What to produce:
All that is needed is an exact copy of the lines from the beginning of the data below through the line containing "Lovely hanging ear dogs sticker #2845872", minus the pictures.

Records for the exercise:
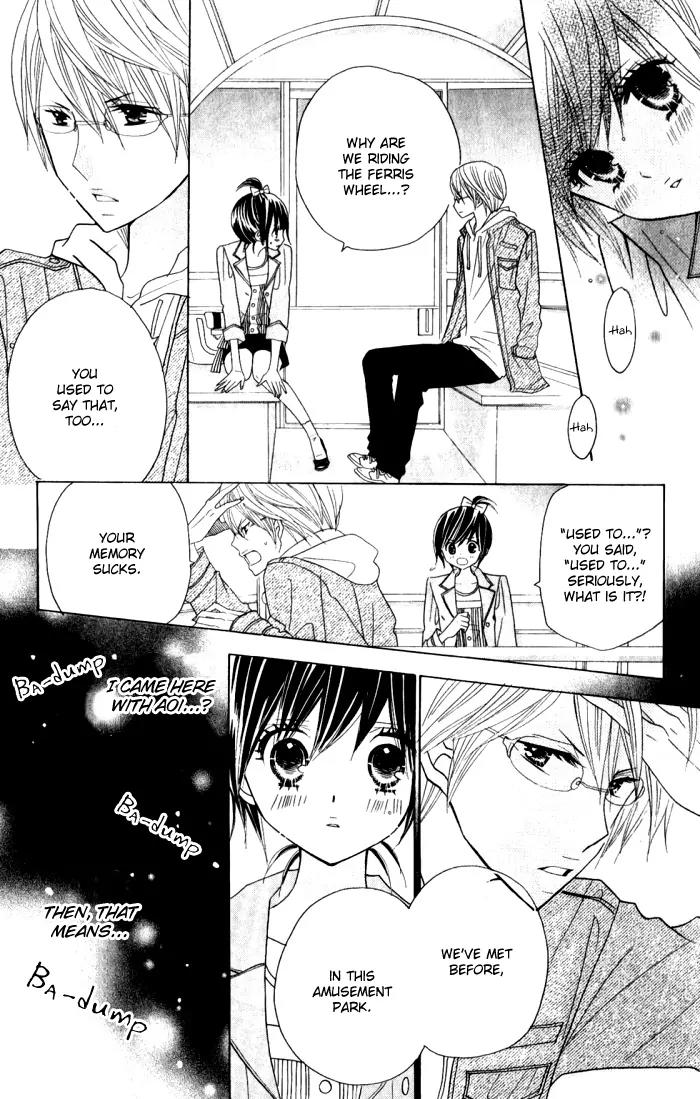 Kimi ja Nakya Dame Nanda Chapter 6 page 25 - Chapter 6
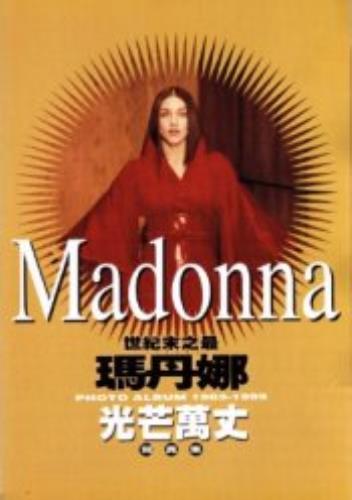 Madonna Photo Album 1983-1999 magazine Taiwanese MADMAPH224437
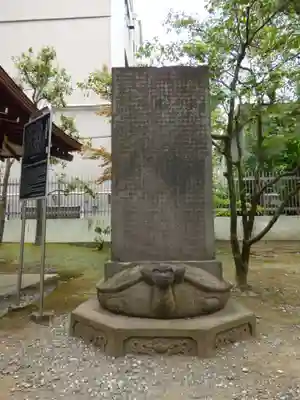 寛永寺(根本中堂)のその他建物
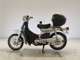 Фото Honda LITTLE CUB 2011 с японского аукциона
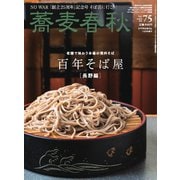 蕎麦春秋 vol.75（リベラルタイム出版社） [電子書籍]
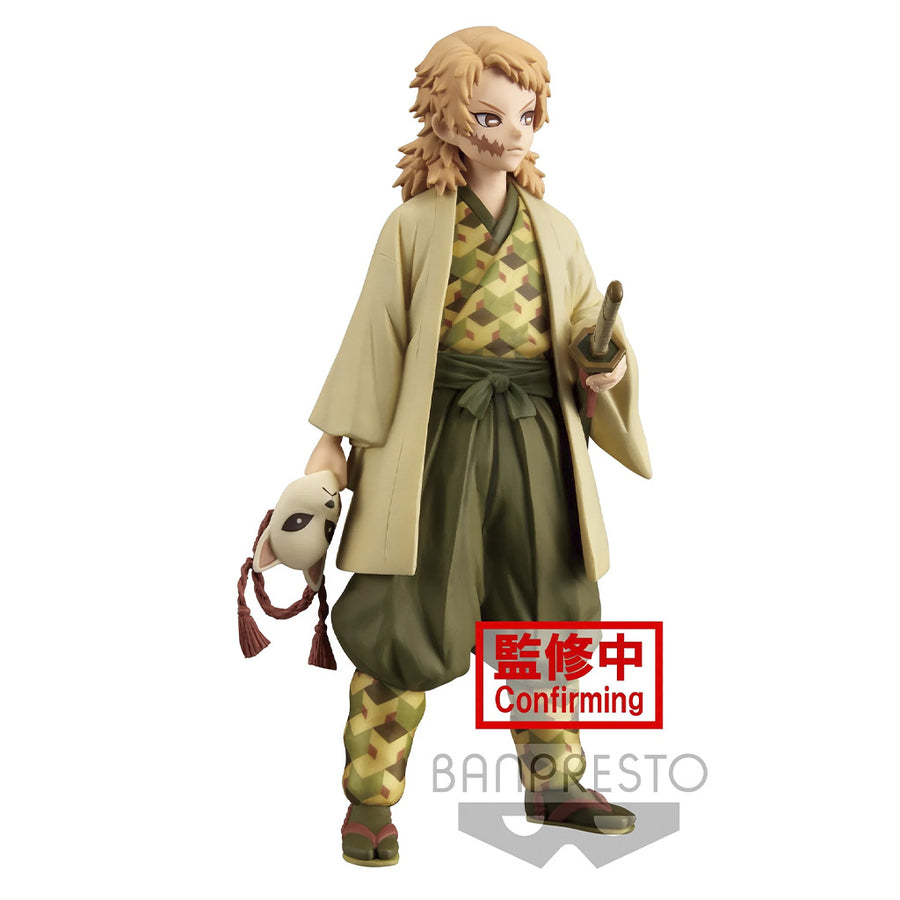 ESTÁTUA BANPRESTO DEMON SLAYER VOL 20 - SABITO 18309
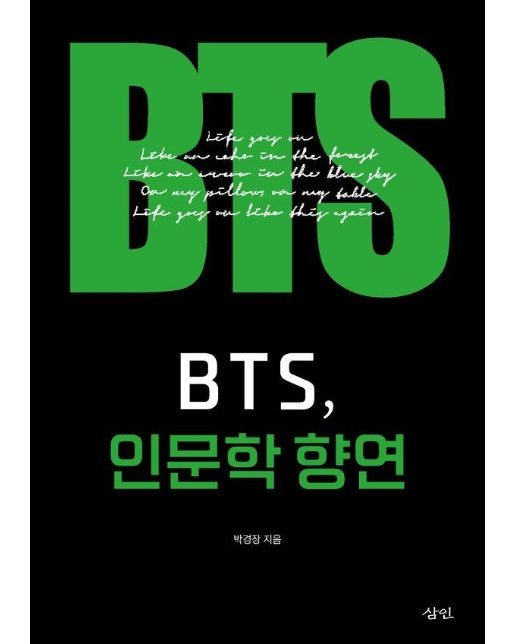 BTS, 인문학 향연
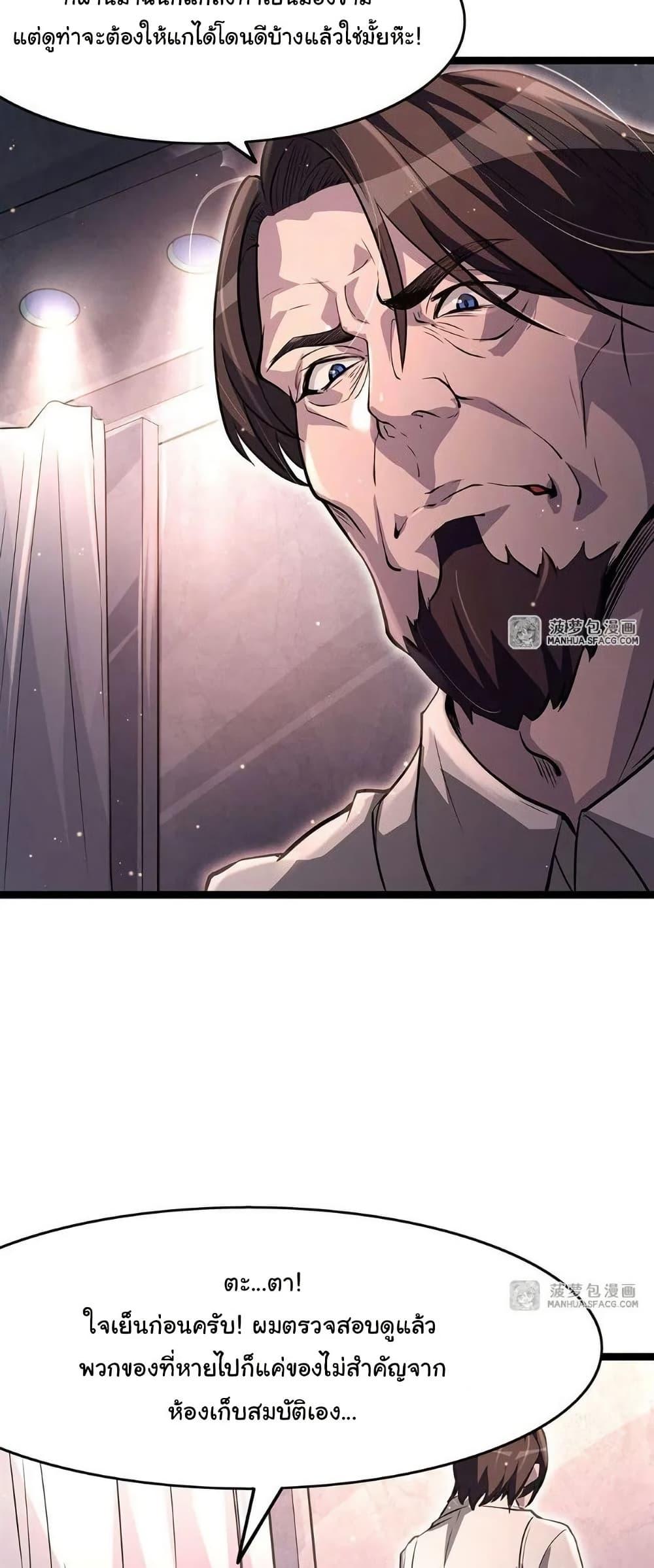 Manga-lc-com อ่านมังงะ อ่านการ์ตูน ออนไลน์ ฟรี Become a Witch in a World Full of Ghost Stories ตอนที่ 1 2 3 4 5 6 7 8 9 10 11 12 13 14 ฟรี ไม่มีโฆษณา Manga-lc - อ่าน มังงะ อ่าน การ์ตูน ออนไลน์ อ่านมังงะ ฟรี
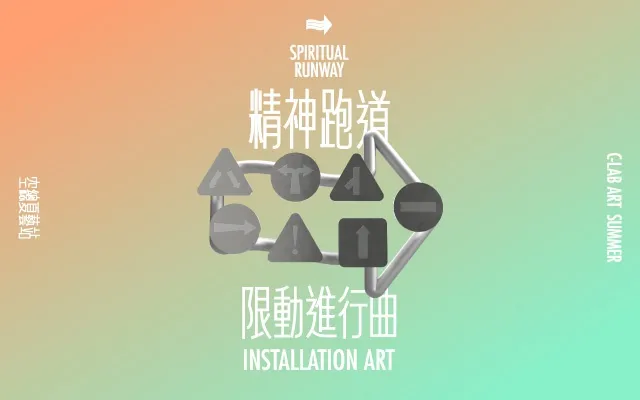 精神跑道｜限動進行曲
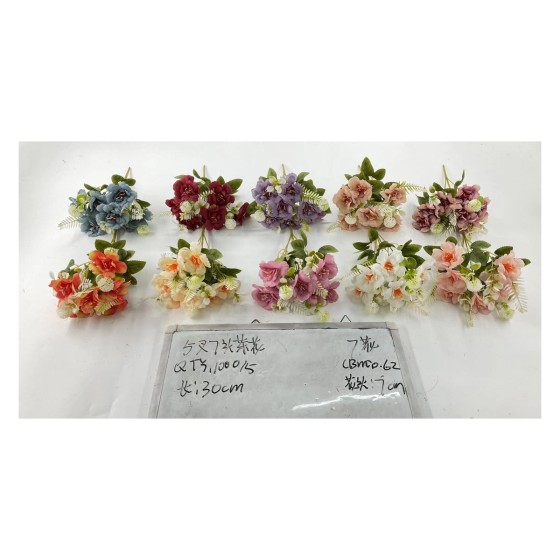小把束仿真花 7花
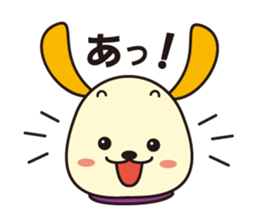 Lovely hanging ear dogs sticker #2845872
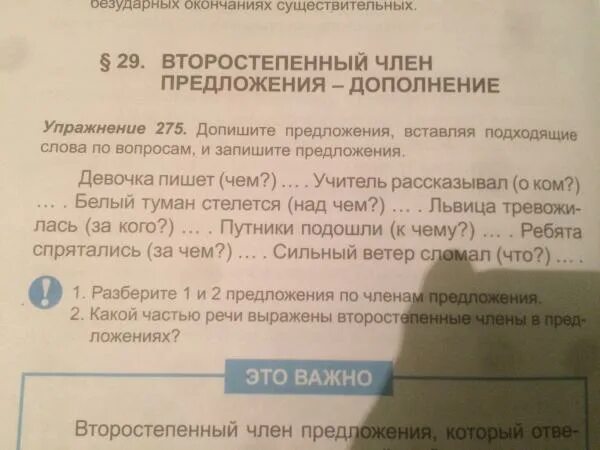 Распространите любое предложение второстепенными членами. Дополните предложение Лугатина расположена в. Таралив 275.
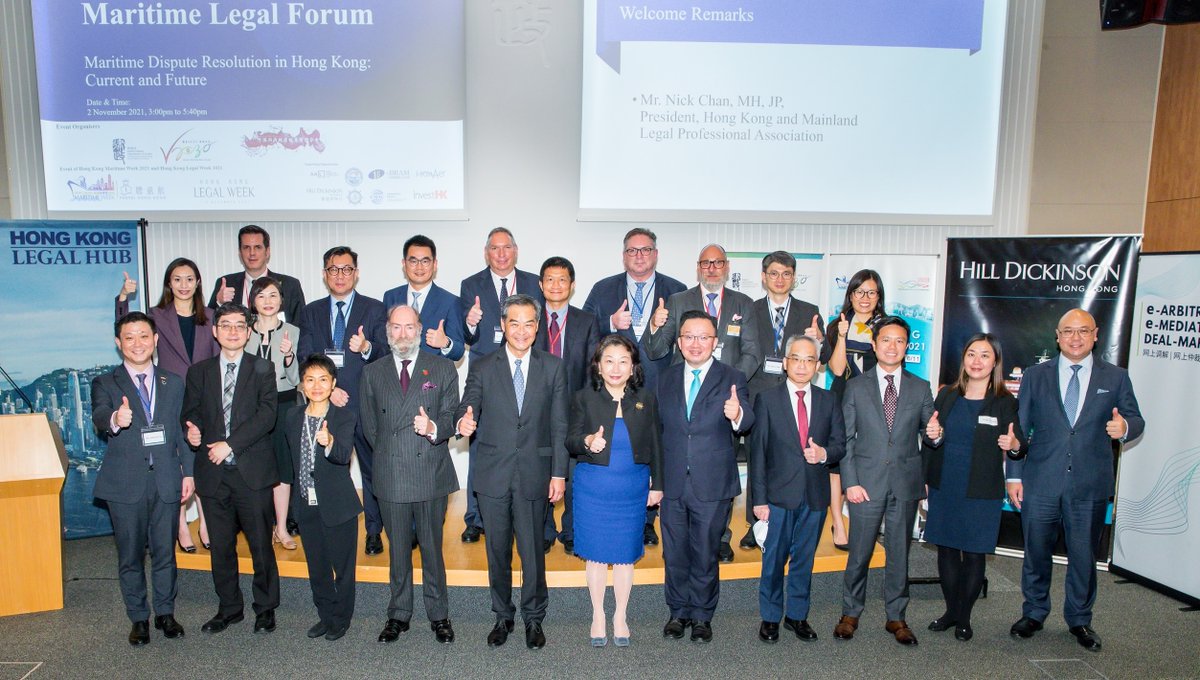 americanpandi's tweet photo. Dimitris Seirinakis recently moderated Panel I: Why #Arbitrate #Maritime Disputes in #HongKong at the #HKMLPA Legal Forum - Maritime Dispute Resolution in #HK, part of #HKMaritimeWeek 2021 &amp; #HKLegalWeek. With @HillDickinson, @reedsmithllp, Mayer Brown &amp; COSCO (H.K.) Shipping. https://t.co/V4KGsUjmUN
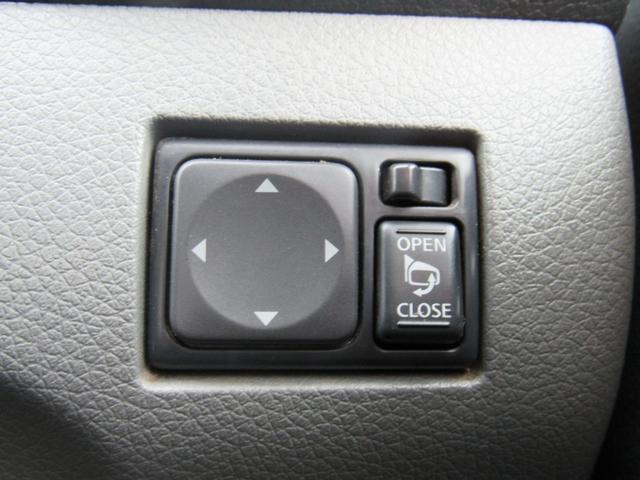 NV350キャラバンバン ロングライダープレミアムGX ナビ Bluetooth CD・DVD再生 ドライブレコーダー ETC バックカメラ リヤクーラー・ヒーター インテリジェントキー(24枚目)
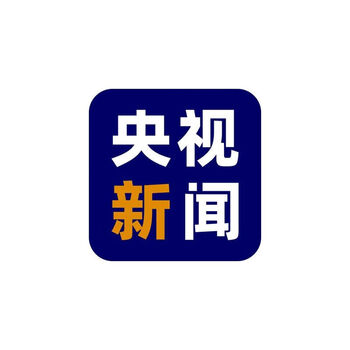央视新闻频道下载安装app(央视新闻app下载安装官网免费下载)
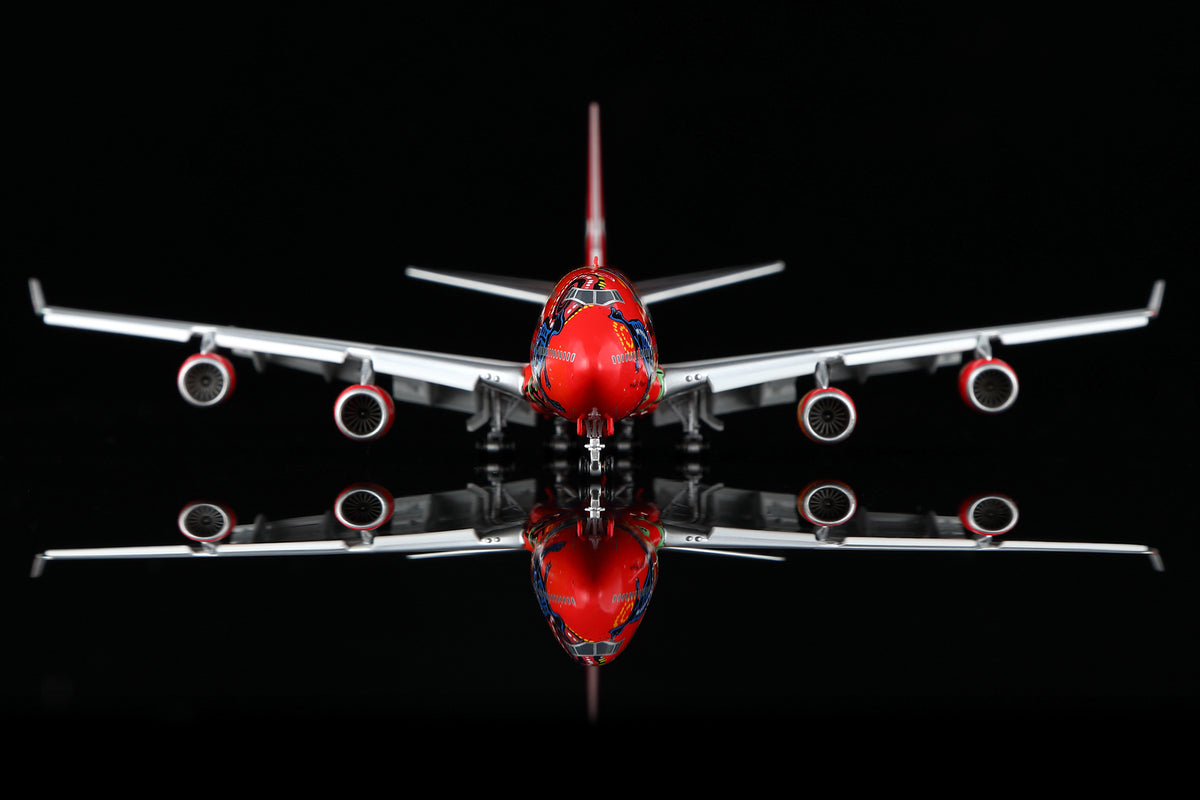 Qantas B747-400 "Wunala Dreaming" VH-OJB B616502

Result:
 Kimi ja Nakya Dame Nanda Chapter 6 page 25 - Chapter 6
 Madonna Photo Album 1983-1999 magazine Taiwanese MADMAPH224437
 寛永寺(根本中堂)のその他建物
 Фото Honda LITTLE CUB 2011 с японского аукциона
 蕎麦春秋 vol.75（リベラルタイム出版社） [電子書籍]
 ESTÁTUA BANPRESTO DEMON SLAYER VOL 20 - SABITO 18309
 BTS, 인문학 향연
 Manga-lc-com อ่านมังงะ อ่านการ์ตูน ออนไลน์ ฟรี Become a Witch in a World Full of Ghost Stories ตอนที่ 1 2 3 4 5 6 7 8 9 10 11 12 13 14 ฟรี ไม่มีโฆษณา Manga-lc - อ่าน มังงะ อ่าน การ์ตูน ออนไลน์ อ่านมังงะ ฟรี
 精神跑道｜限動進行曲
小把束仿真花 7花
 Lovely hanging ear dogs sticker #2845872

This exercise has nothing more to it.